The bill tightens statutory language and adds reporting and certificate mechanisms, but it leaves important operational questions to delegated instruments and ministerial practice. Key ambiguities include what exactly constitutes a “substantial risk” that an export could facilitate the enumerated international crimes and how licensing officers should document that assessment.

The law makes the end‑use certificate an available mitigation tool rather than a presumption of efficacy, however the statutory test requires a judgment about whether a certificate would be “sufficient” — a determination that depends on the certificate’s required content and on the ministry’s ability to verify its authenticity.

Transparency requirements will improve parliamentary scrutiny but clash with longstanding commercial confidentiality and national security concerns. The annual report compels month‑by‑month, item‑level disclosure and summaries of decision rationales; preparing that material in a way that is meaningful to Parliament while protecting commercially sensitive data and operational details will be administratively complex.
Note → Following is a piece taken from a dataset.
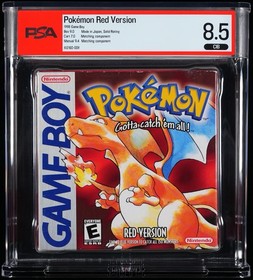 Pokemon Red Version CIB Complete In Box Graded PSA 8.5 9.0 Box Gameboy Nintendo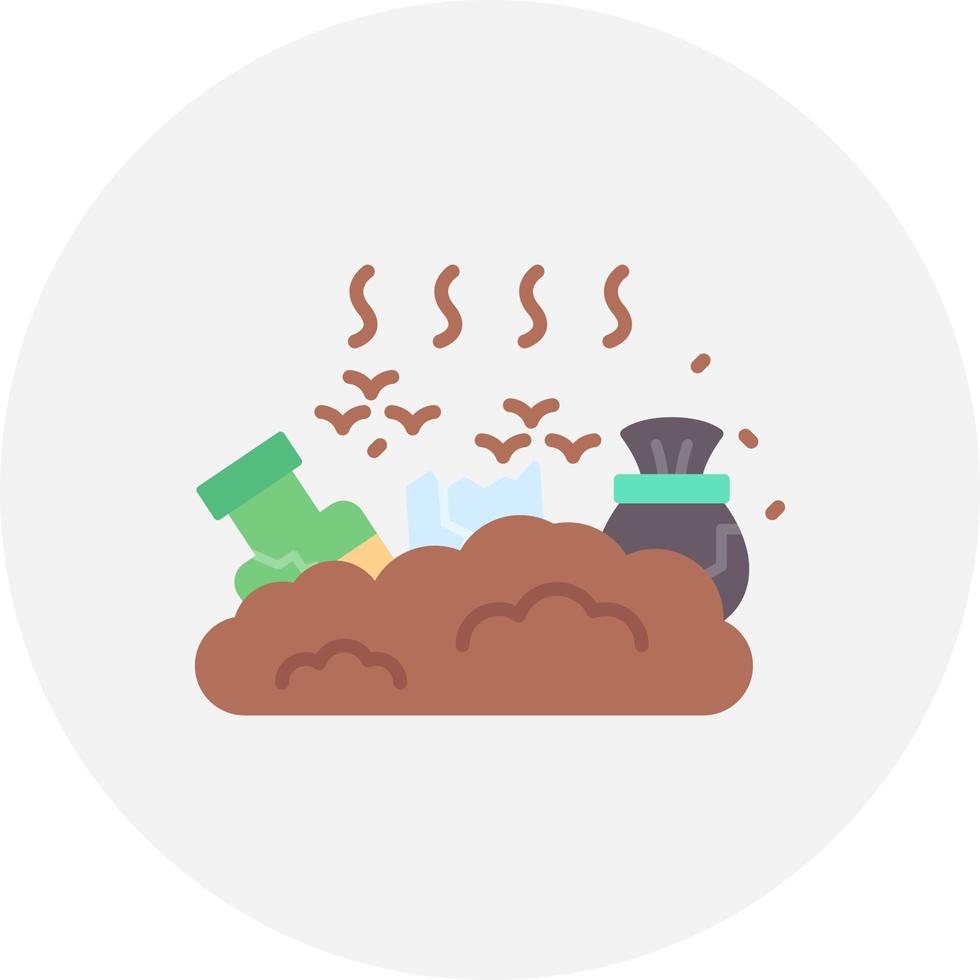 Landfill Creative Icon Design vector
The transitional rule that expires existing permits within 180 days avoids permanent grandfathering but risks creating a large short‑term surge in reapplications, with attendant capacity and timing pressures. Finally, reliance on receiving‑state government certificates assumes those governments have the will and capacity to provide reliable attestations — an imperfect safeguard against diversion in states with weak institutions or conflicting incentives.